Since Hive 1.1, Hive allows users to set parquet compression codec via table-level properties parquet.compression. See the JIRA: https://issues.apache.org/jira/browse/HIVE-7858 . We do support orc.compression for ORC. Thus, for external users, it is more straightforward to support both. See the stackflow question: https://stackoverflow.com/questions/36941122/spark-sql-ignores-parquet-compression-propertie-specified-in-tblproperties
In Spark side, our table-level compression conf compression was added by #11464 since Spark 2.0.
We need to support both table-level conf. Users might also use session-level conf spark.sql.parquet.compression.codec. The priority rule will be like
If other compression codec configuration was found through hive or parquet, the precedence would be compression, parquet.compression, spark.sql.parquet.compression.codec. Acceptable values include: none, uncompressed, snappy, gzip, lzo.
The rule for Parquet is consistent with the ORC after the change.
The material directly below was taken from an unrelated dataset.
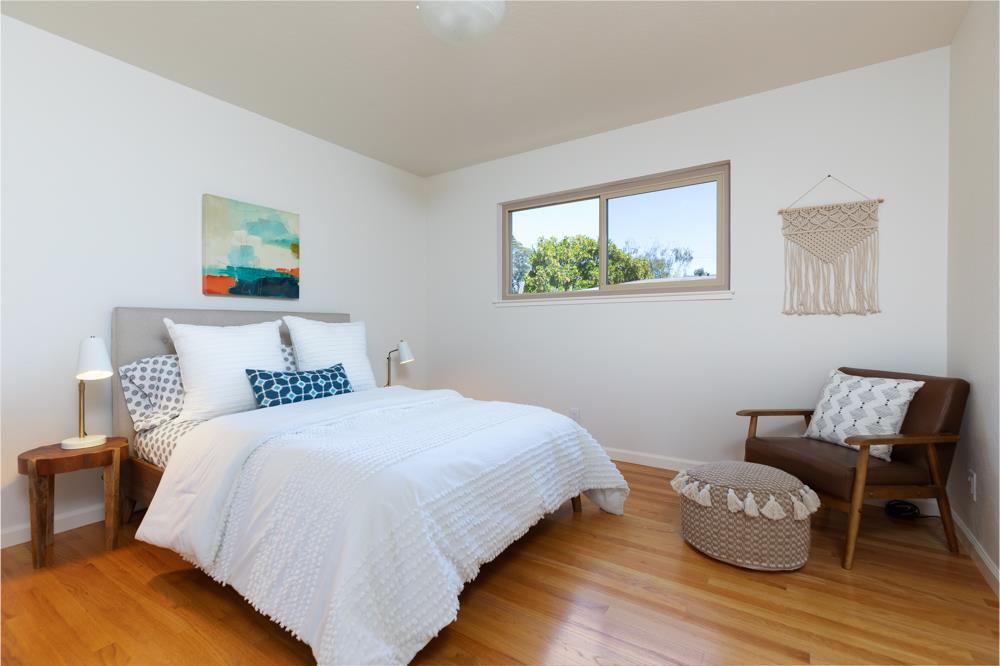 439 Cliff Drive Aptos, CA 95003 - Photo 14 of 29 a bedroom with a bed and wooden floor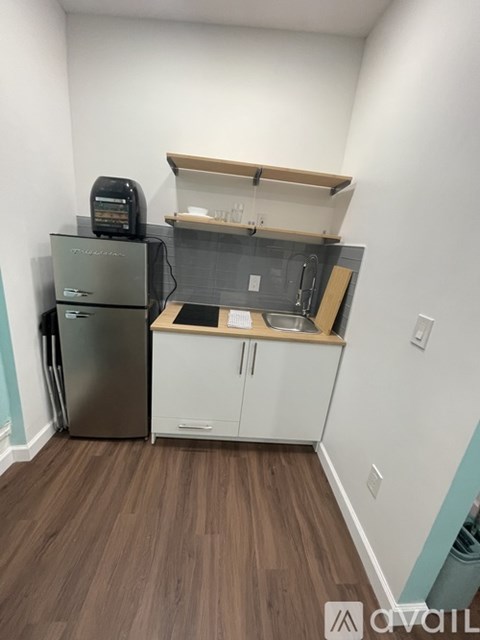 A kitchen with a refrigerator, cabinets, and a counter.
1.Increased acquiring 'compressionCodecClassName' from parquet.compression,and the precedence order is compression,parquet.compression,spark.sql.parquet.compression.codec, just like what we do in OrcOptions.
2.Change spark.sql.parquet.compression.codec to support "none".Actually in ParquetOptions,we do support "none" as equivalent to "uncompressed", but it does not allowed to configured to "none".